Problem requirements: Beginning with the line that contains "this 350×262 image.", reproduce the remaining lines of the material exactly, up to and including the last one, but no pictures.

Data under study:
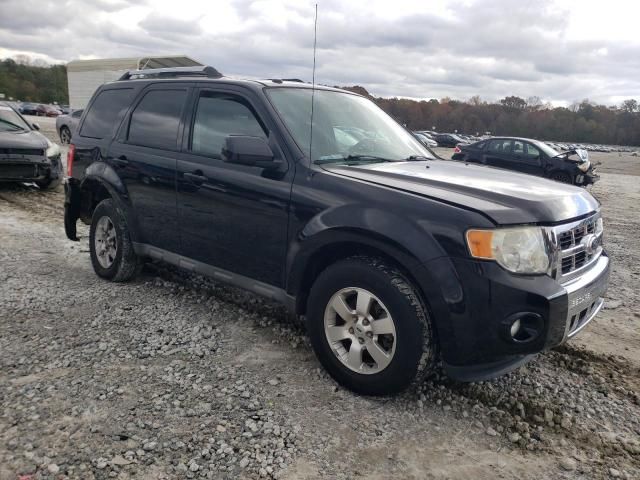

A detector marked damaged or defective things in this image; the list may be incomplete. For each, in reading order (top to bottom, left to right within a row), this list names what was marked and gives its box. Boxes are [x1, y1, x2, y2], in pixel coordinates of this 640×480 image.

damaged car [0, 101, 63, 189]
damaged car [452, 137, 596, 188]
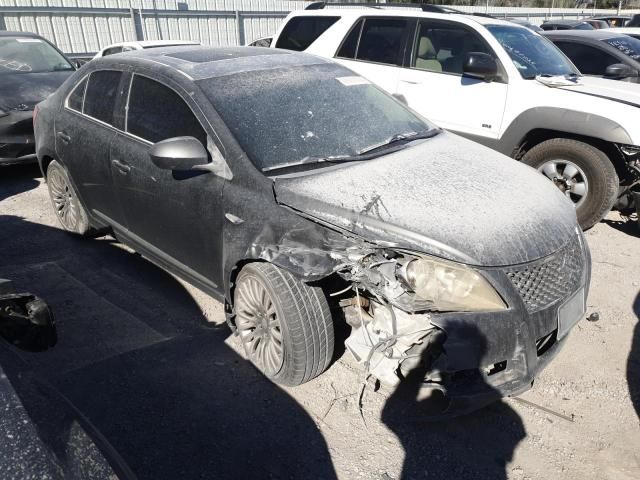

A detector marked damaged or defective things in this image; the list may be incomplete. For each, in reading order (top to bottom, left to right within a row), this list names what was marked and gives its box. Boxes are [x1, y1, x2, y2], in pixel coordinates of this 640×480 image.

crumpled front bumper [0, 110, 37, 166]
cracked bumper cover [0, 110, 37, 166]
damaged gray sedan [33, 46, 592, 416]
shattered headlight [400, 256, 504, 314]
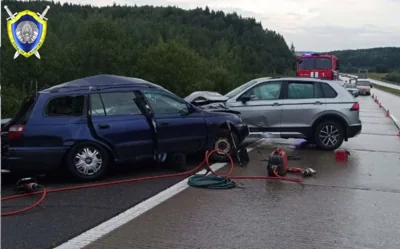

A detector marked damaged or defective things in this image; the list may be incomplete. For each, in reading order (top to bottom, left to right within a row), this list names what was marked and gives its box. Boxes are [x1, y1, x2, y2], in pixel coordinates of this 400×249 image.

damaged blue station wagon [1, 75, 248, 180]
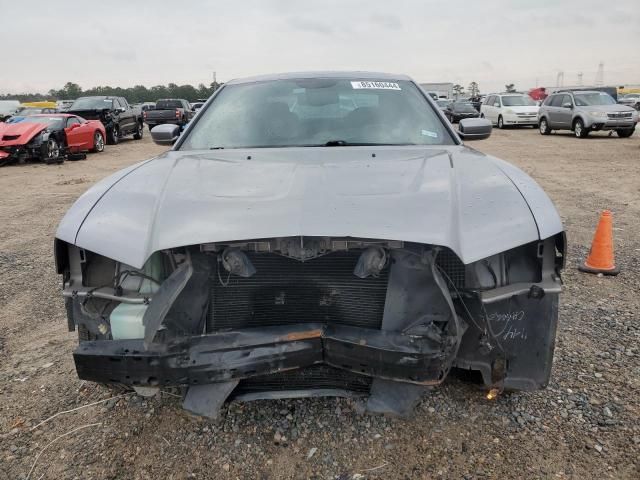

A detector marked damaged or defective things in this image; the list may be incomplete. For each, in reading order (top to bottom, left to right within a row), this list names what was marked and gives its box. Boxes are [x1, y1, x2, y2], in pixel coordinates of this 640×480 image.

dented hood [0, 120, 47, 146]
damaged red car [0, 114, 106, 167]
dented hood [57, 146, 564, 268]
damaged gray sedan [55, 72, 564, 416]
detached bumper cover [74, 322, 450, 386]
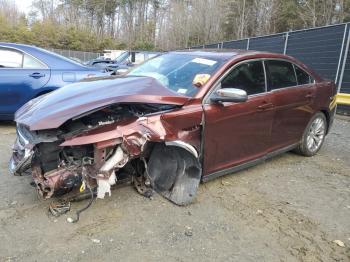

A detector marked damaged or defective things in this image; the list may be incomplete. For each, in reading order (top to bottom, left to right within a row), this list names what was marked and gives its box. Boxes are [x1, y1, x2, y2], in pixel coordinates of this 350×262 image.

bent hood [15, 75, 191, 130]
crumpled front end [8, 102, 202, 205]
damaged ford taurus [8, 50, 336, 207]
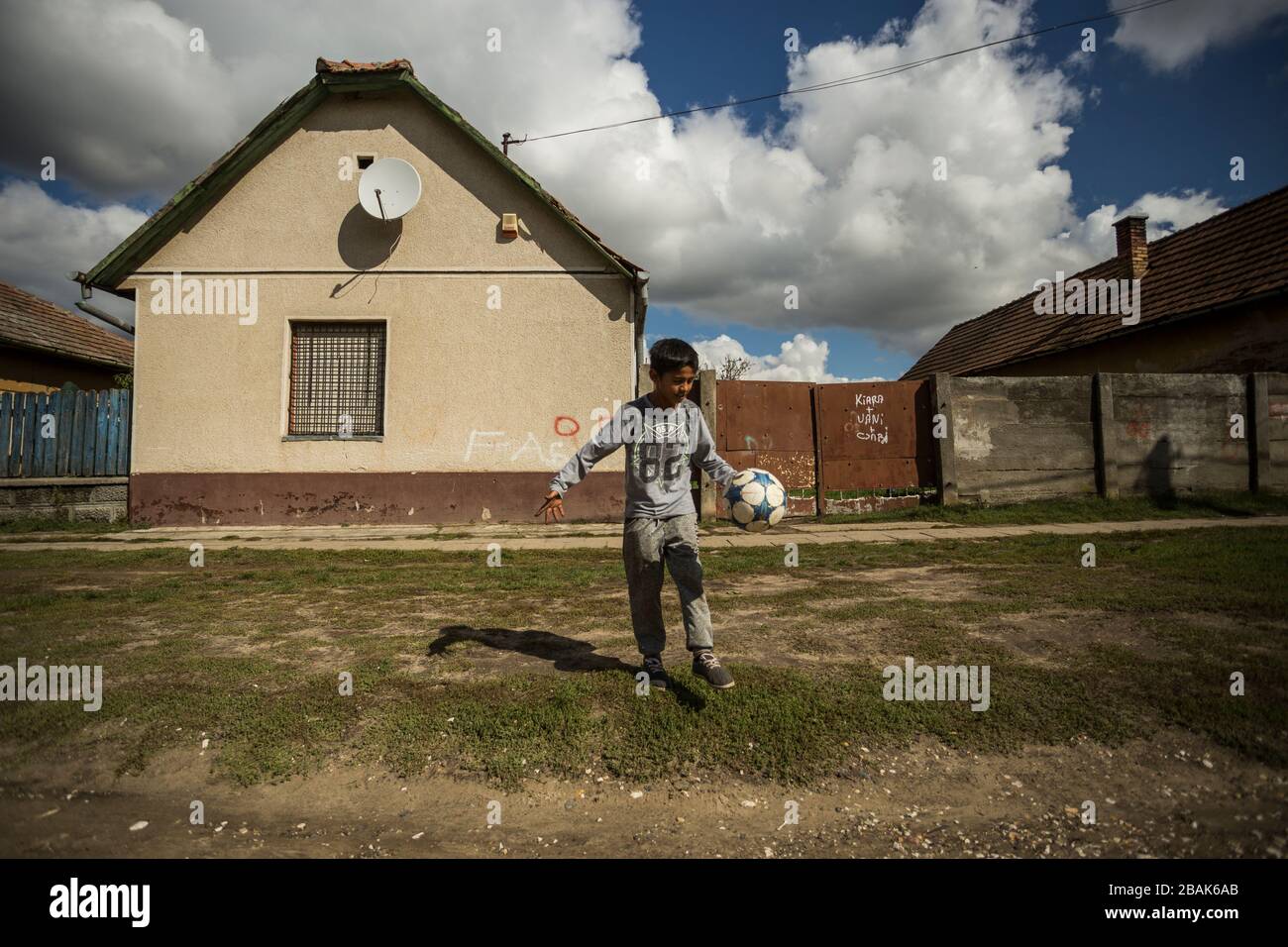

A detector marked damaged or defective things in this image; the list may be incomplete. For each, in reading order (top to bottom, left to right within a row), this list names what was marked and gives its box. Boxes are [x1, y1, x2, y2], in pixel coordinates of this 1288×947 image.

Answer for this exercise:
A detector marked damaged or defective things in this image; the list may be incomplete. For each, in reading order (top to bottom, left to right within a row), this list names what was marked and gives its box. Boxes are [x1, y1, x2, y2], in pixel coordinates of this 350×262 image.

bent hood [15, 75, 191, 130]
crumpled front end [8, 102, 202, 205]
damaged ford taurus [8, 50, 336, 207]

A detector marked damaged or defective things in this image; the list may be incomplete. For each, in reading order (top to bottom, left to right within a row), this list names what was marked and gives its box. Boxes are [x1, y1, x2, y2], in pixel coordinates of this 1288×947 image.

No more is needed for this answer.